With the introduction in the United States of the Omicron variant of the COVID-19 virus some health officials are warning of another pandemic winter where people are going to be forced to be indoors and away from others to keep themselves healthy. While we have seen this movie before, we may need some refreshers on the best way to combat the social isolation that comes with staying away from loved ones and friends while being home and doing our best to stay healthy.
Social isolation has been shown to have devastating impacts on our health. Things like a 50% increase in the risk of dementia are associated with the long-term affects of social isolation. Other medical conditions include things like heart disease, stroke, and even death. It is for these reasons mostly, but also for your mental health as well that it is important that whether you’re aging in place or just self quarantining to keep you and your family healthy that you find ways to remain social.
Here are a few suggestions that come from AARP that can help you avoid the strain of social isolation on your winter months.
- Do it virtually. We’ve heard this before, but the best way to connect with people and keep yourself safe is to hop back on your computer or phone for some virtual activities. Whether it’s checking in on your grandkids from afar or playing a game with an old friend online, these type of activities, while they don’t replace social interaction in person they are a good tool to use to stay connected.

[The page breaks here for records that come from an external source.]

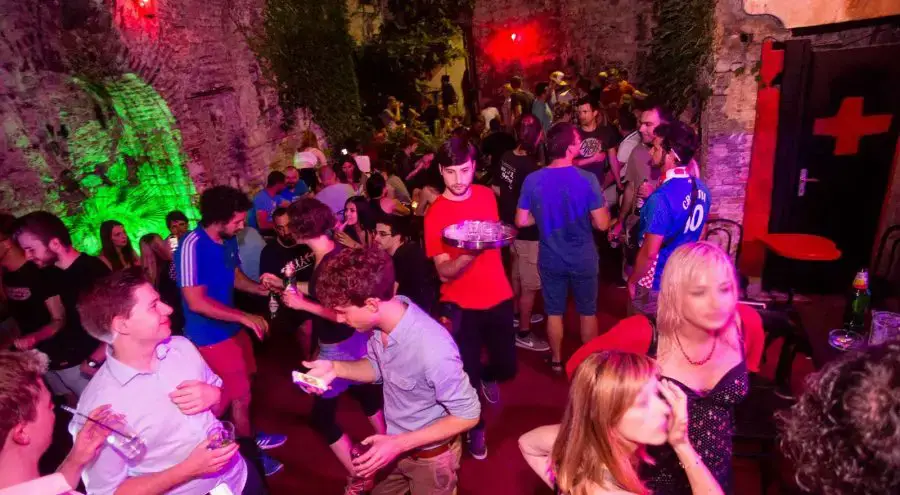 Los 16 mejores bares y discotecas de Split para disfrutar del mejor ambiente de fiesta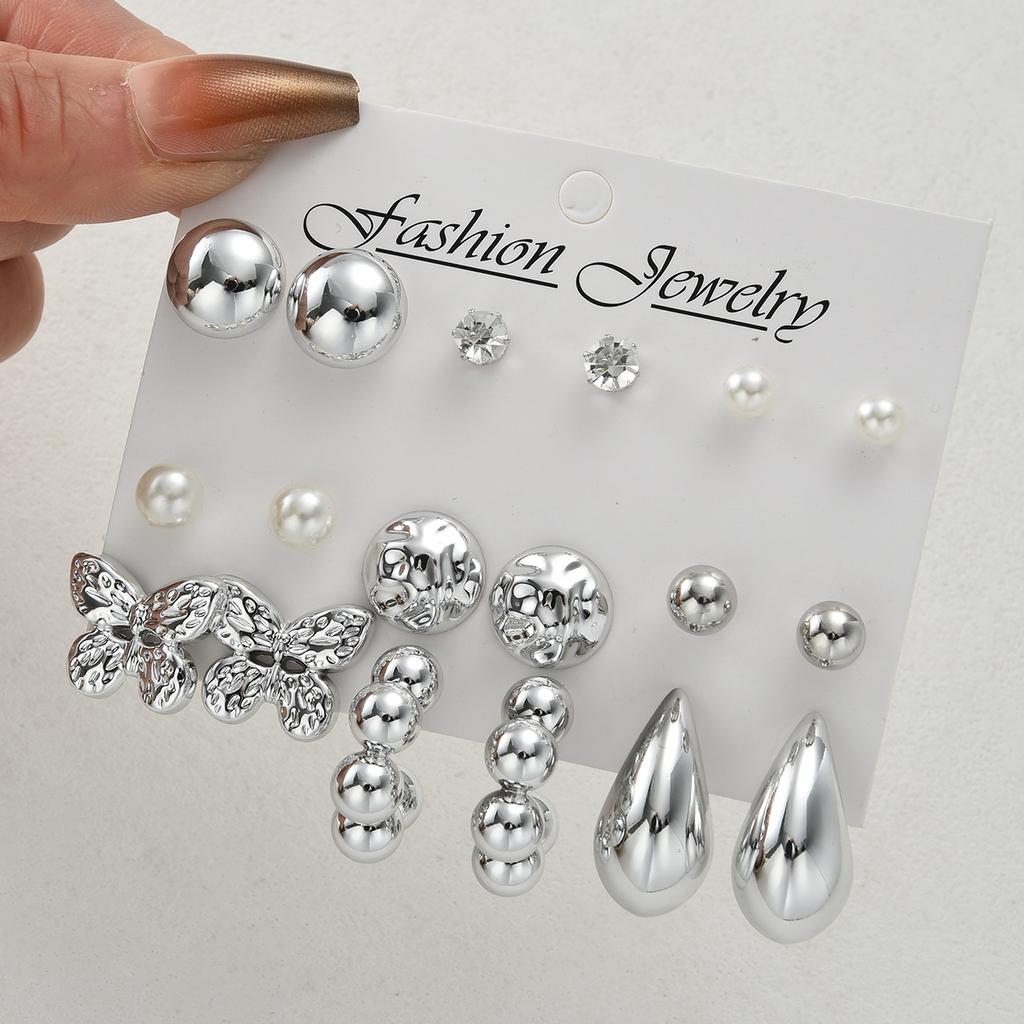 9 Pairs Vintage Heart Teardrop Knot Earrings Set For Women Pearl Crystal Minimalist Stud Hoop Earrings Trendy Daily Wear Jewelry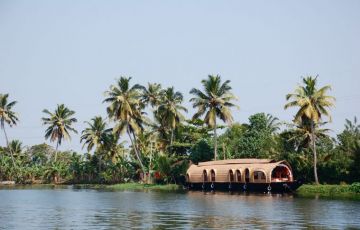 Pleasurable 8 Days 7 Nights Houseboat Tour Package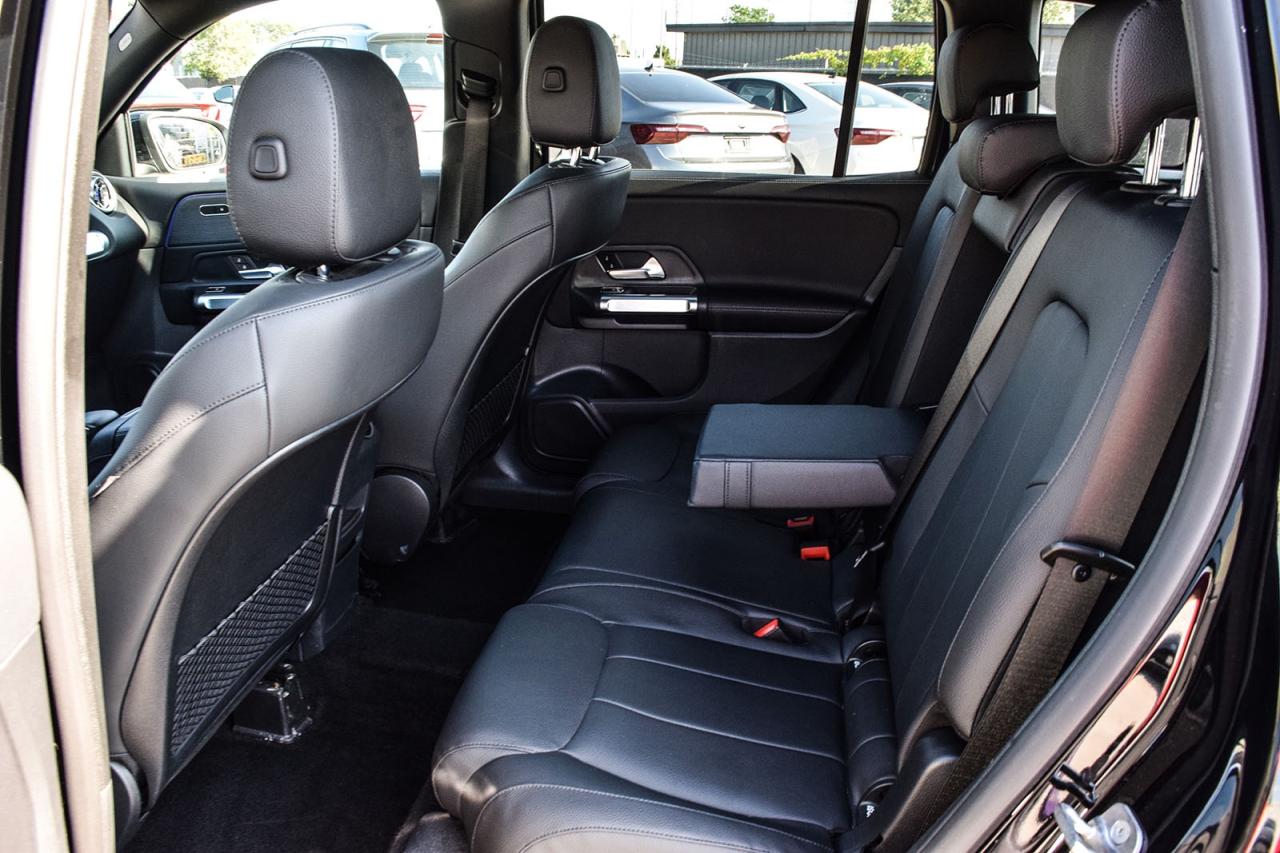 2023 Mercedes-Benz GLB-Class GLB 250 4MATIC NO ACCIDENT DIGITAL DASH PANO ROOF Photo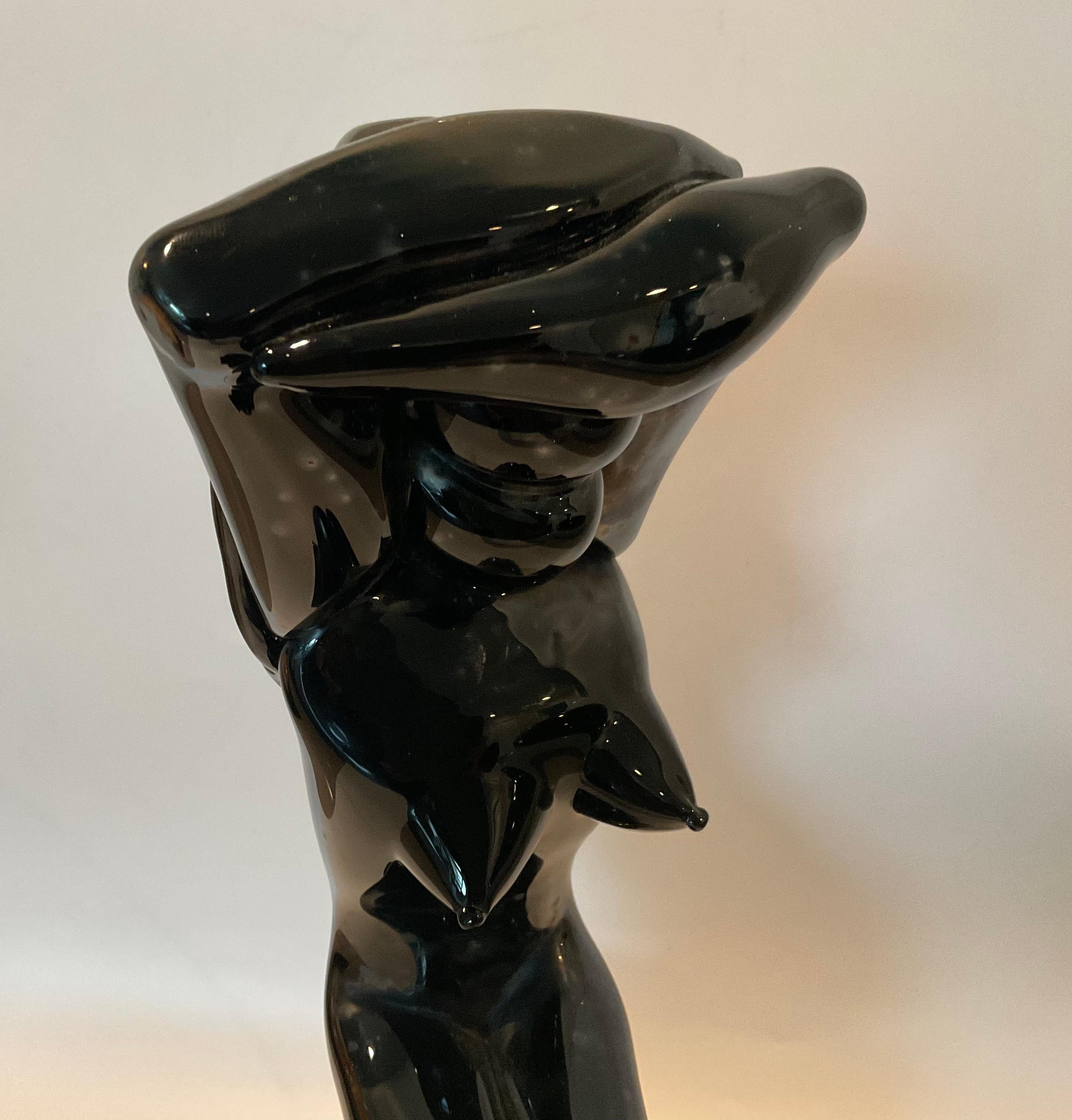 Mid-Century Modern Sculpture féminine en verre noir irisé d'Alfredo Rossi, signée et datée  en vente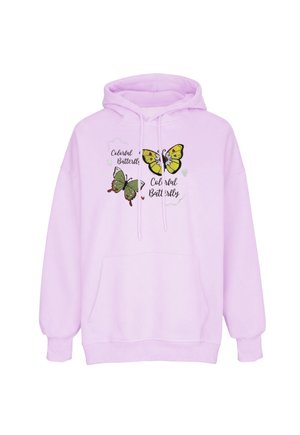 Lyse lilla hættetrøje med gule og grønne sommerfuglegrafikker og teksten 'colorful butterfly' på fronten, med frontlomme og snoretræk.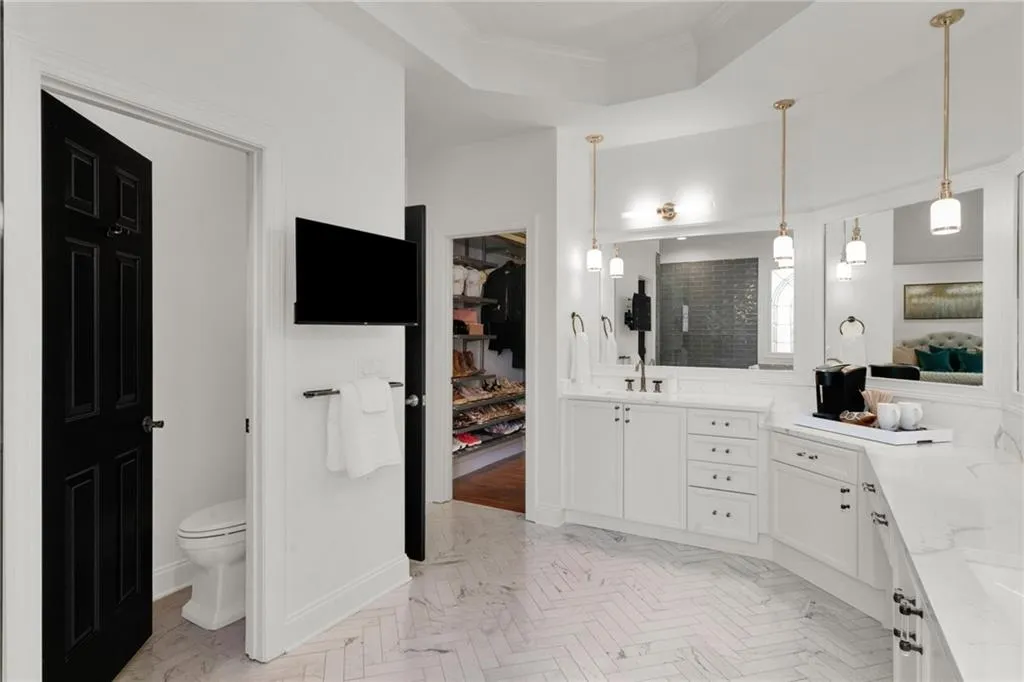 5945 Reddington Way, Atlanta, Georgia 30328, 3 Bedrooms Bedrooms, ,3 BathroomsBathrooms,Residential,For Sale,5945 Reddington Way,7679601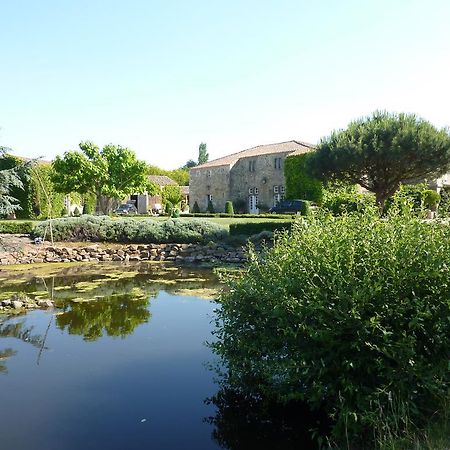 Logis De La Robliniere Bed & Breakfast Landevieille Exterior photo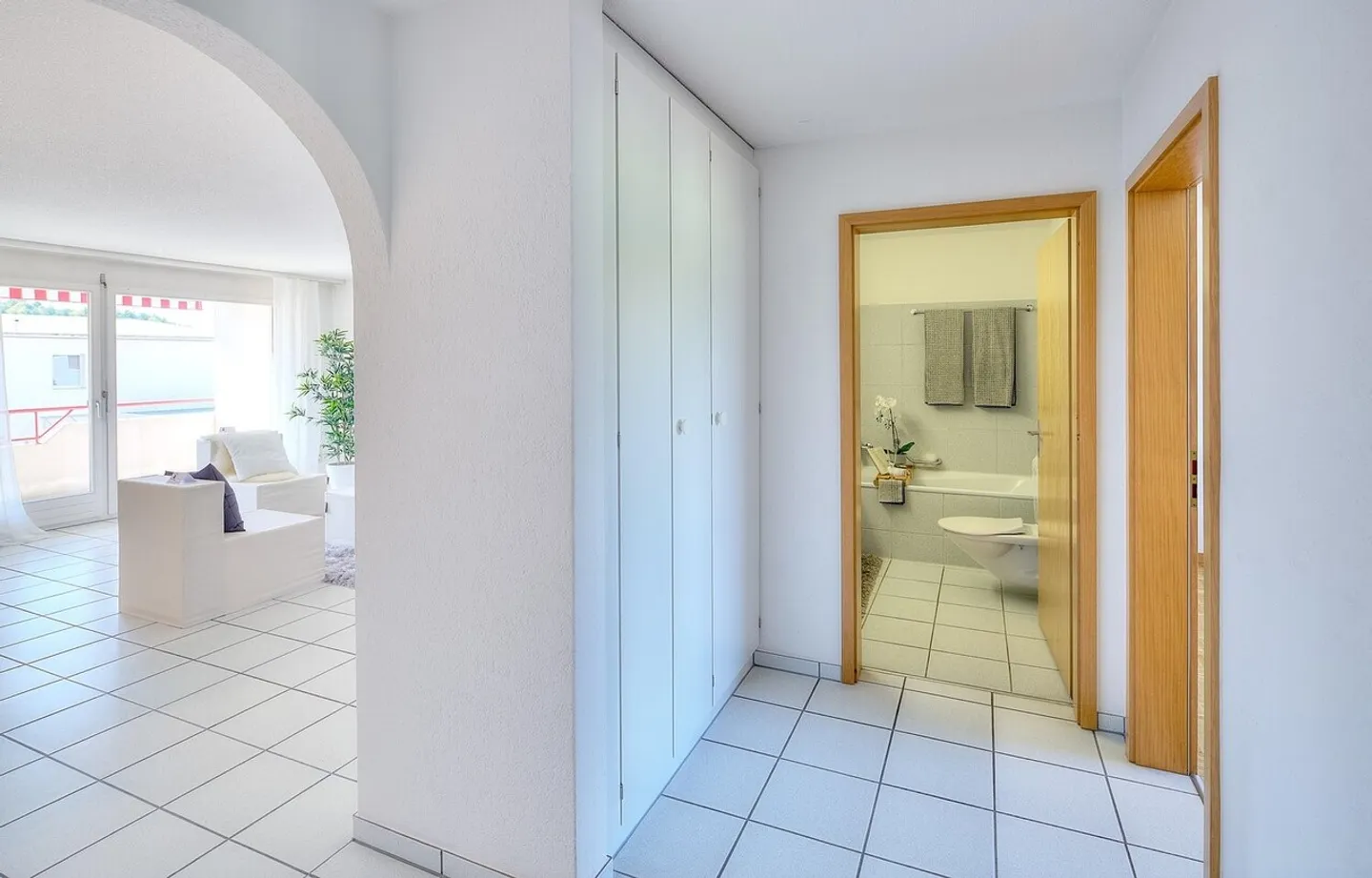 Erdgeschosswohnung mit modernen Annehmlichkeiten - Foto 2 von 7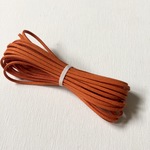 再販 合皮　スウェード紐　約６m　スモーキーオレンジ
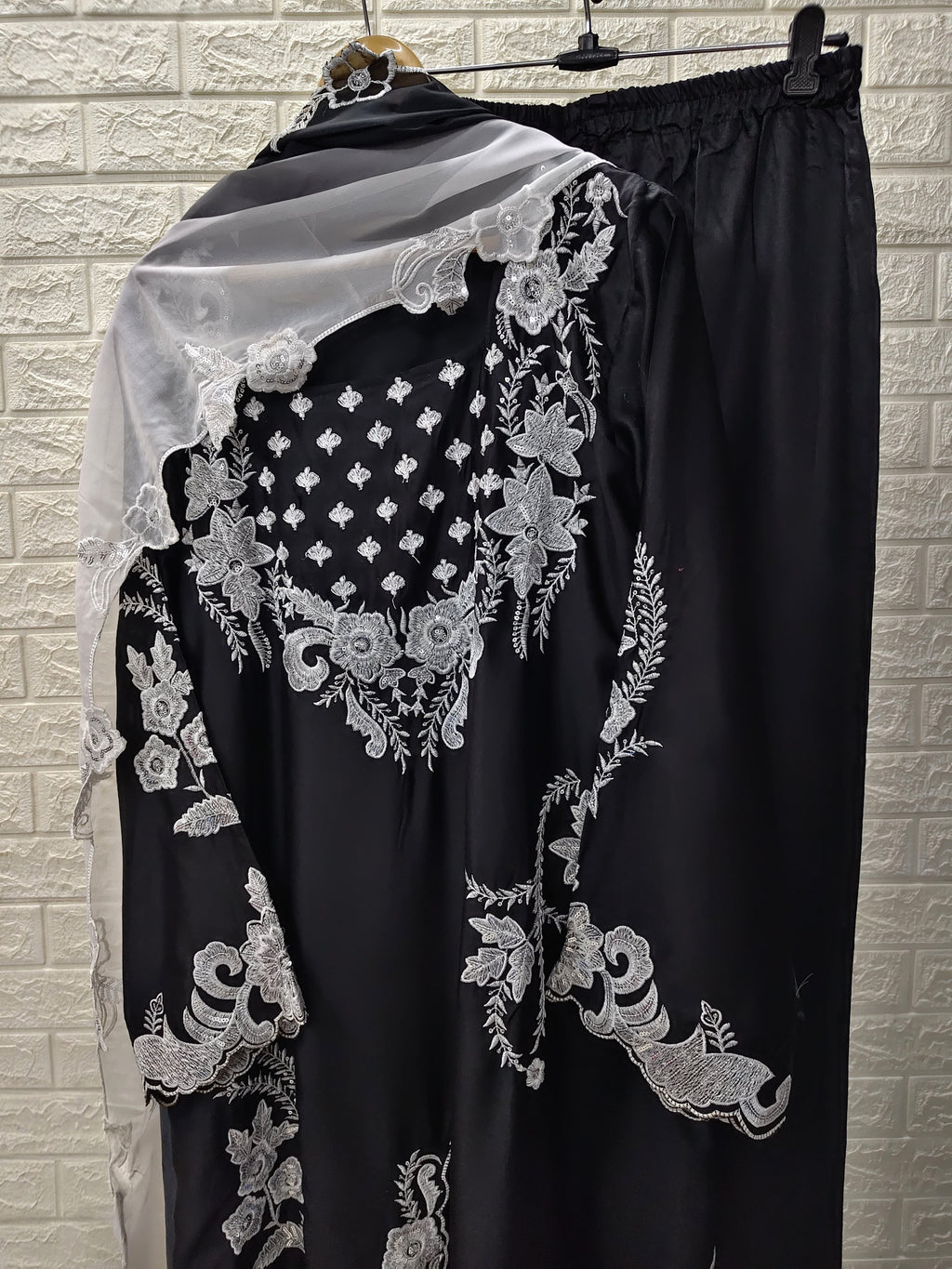 Pakistani long suits - 1015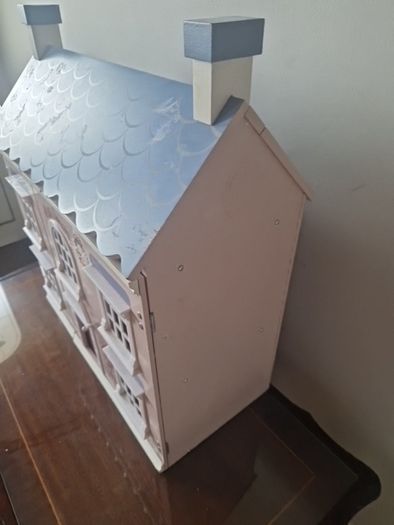 dolls house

- Do your best to get outside. This is easier if you live in a warmer climate, but living here in Connecticut many of the outdoor activities that we are so accustomed to during the spring and summer months have faded off into the cold weather. When you get the occasional day that is above freezing and you can bundle up and go take your loved one for a walk, jump at the chance. You’ll be glad you did.
- Keep a routine. Routine is one way to keep yourself focused and feeling accomplished even if you are doing it alone. You could plan to have a check in with a friend to make sure she is staying on task and she can make sure you are too. This will add some socialization to your routine as well.
It may be another hard winter with COVID-19 still circulating, but it doesn’t have to be a socially isolating one. Even if you are aging in place or have a loved one who is, there are some things you can do to make sure she/he is getting the human connection that is so needed now more then ever.